*** Opening Available data ***
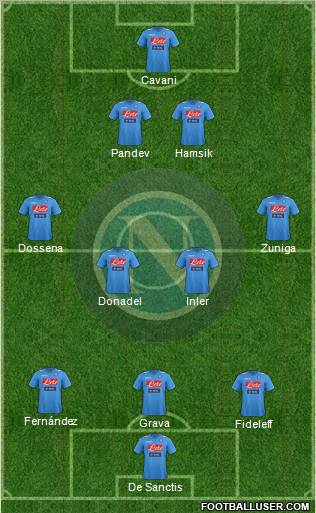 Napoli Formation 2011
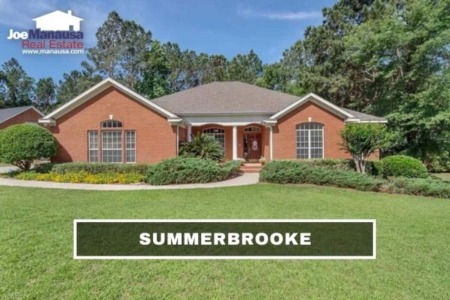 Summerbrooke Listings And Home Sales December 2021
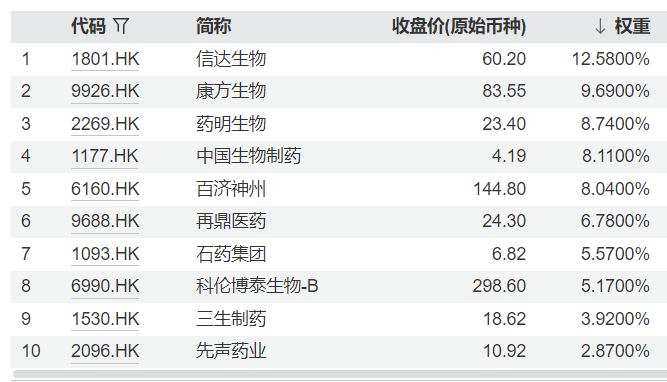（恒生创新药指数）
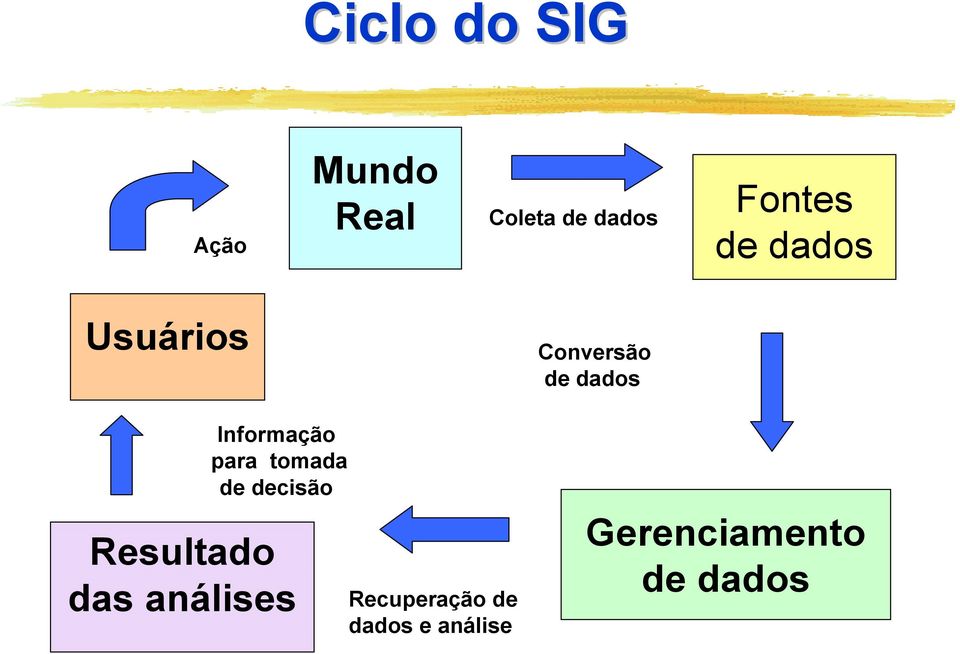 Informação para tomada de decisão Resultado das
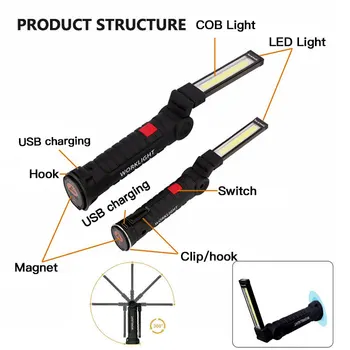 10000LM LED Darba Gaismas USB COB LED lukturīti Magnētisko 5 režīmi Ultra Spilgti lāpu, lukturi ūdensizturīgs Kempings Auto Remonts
*** Closing Available data ***
*** Opening Available data ***
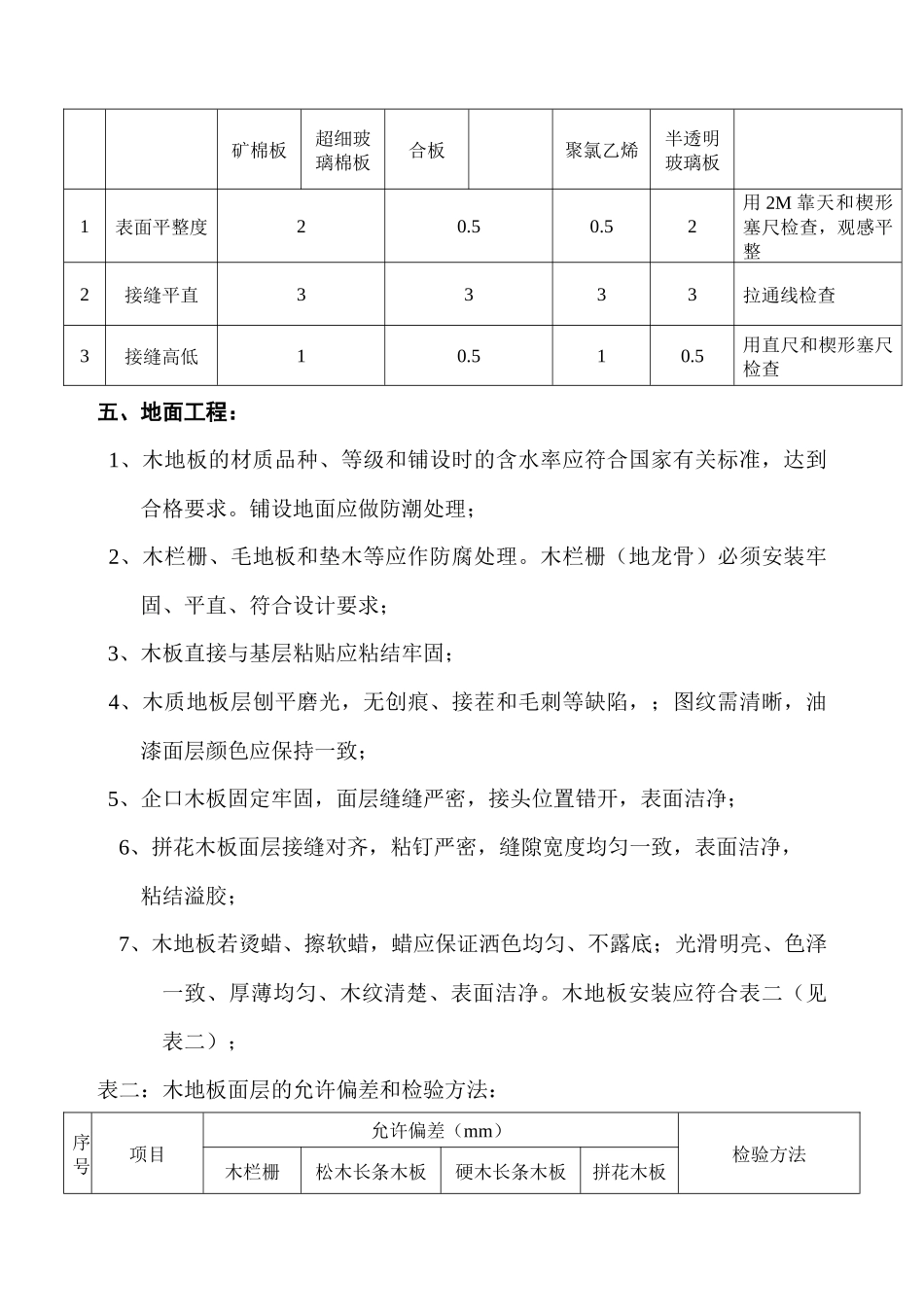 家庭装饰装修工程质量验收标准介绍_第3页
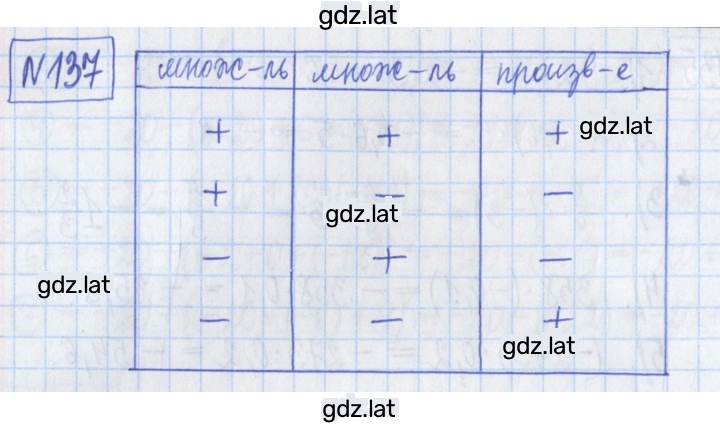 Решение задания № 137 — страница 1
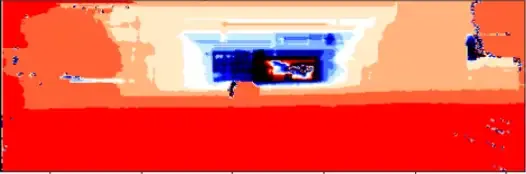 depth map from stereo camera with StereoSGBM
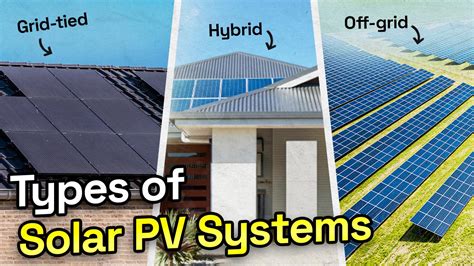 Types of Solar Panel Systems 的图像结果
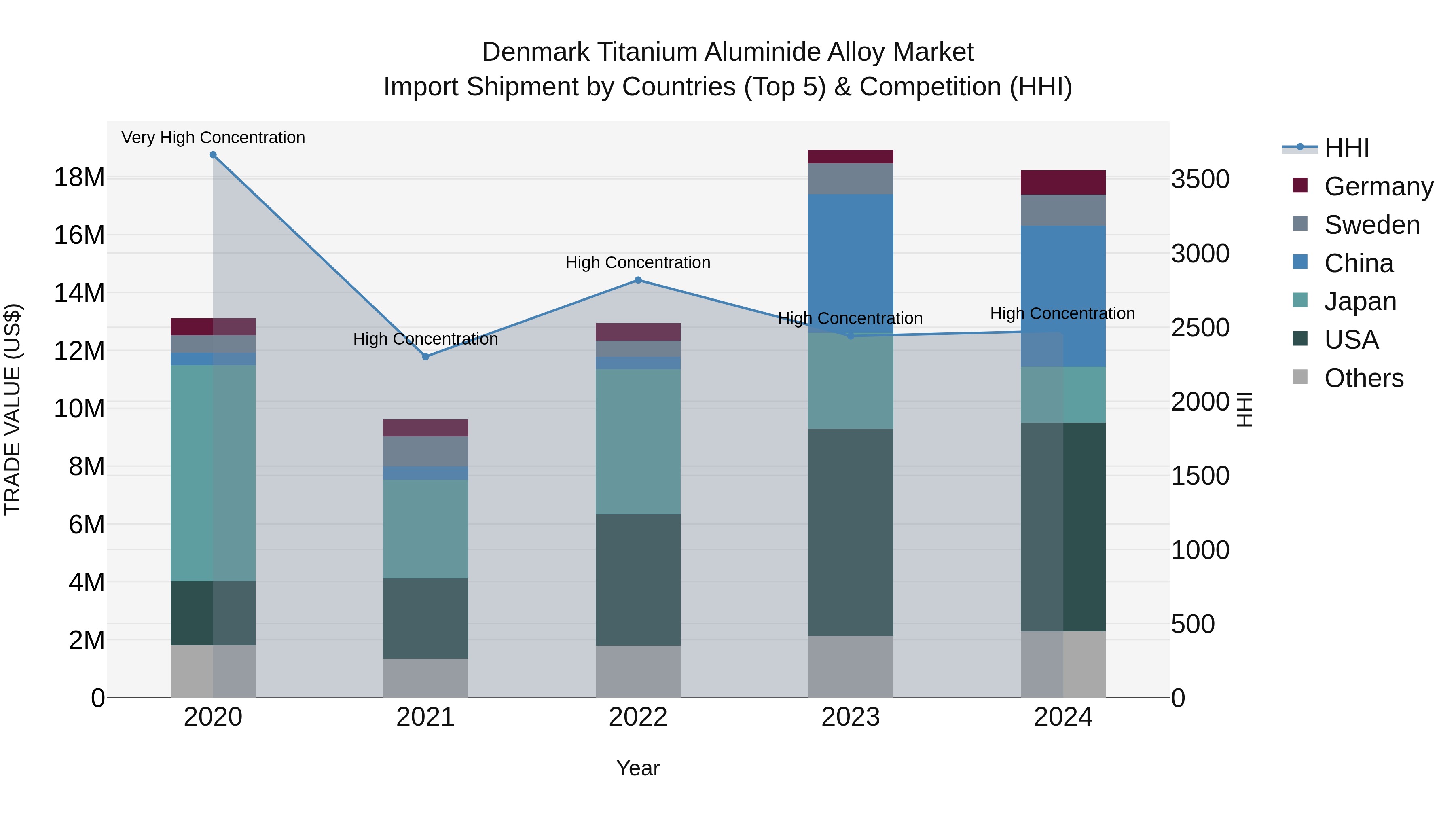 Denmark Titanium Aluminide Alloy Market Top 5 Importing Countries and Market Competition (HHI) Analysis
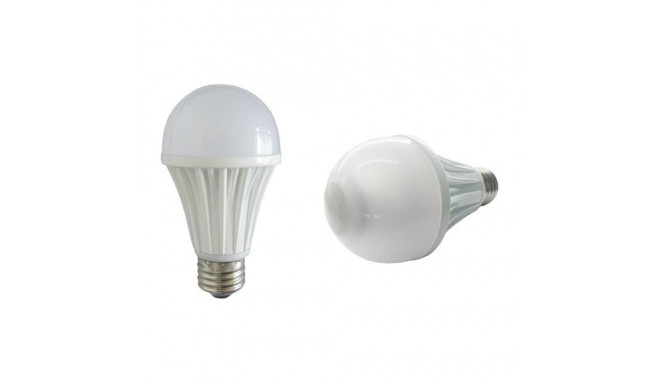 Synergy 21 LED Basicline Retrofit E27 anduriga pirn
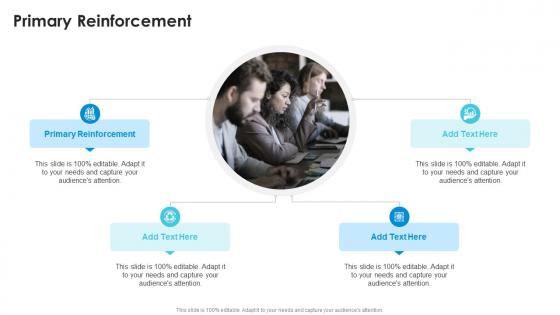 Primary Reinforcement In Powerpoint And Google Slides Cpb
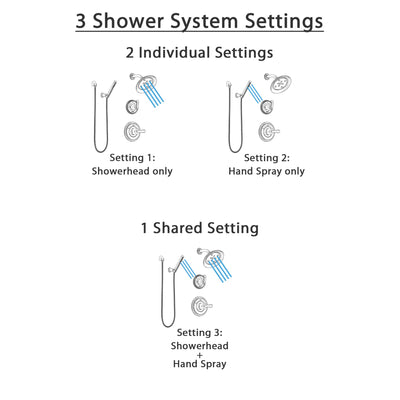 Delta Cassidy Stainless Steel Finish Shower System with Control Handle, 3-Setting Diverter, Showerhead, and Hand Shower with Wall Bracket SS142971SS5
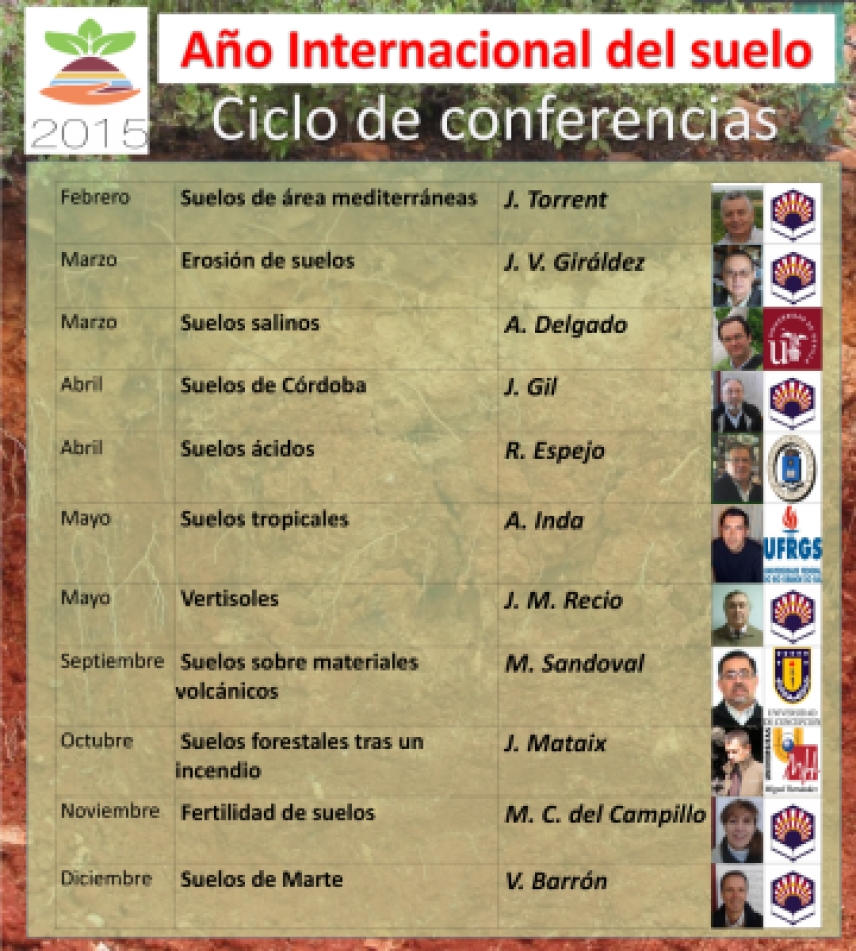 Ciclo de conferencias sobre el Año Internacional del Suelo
*** Closing Available data ***
Going back to the data above, write out everything from the line with "Summerbrooke Listings And" down to the line with "10000LM LED Darba", both included, leaving every picture out.

- _Result below_
 Summerbrooke Listings And Home Sales December 2021
（恒生创新药指数）
 Informação para tomada de decisão Resultado das
 10000LM LED Darba Gaismas USB COB LED lukturīti Magnētisko 5 režīmi Ultra Spilgti lāpu, lukturi ūdensizturīgs Kempings Auto Remonts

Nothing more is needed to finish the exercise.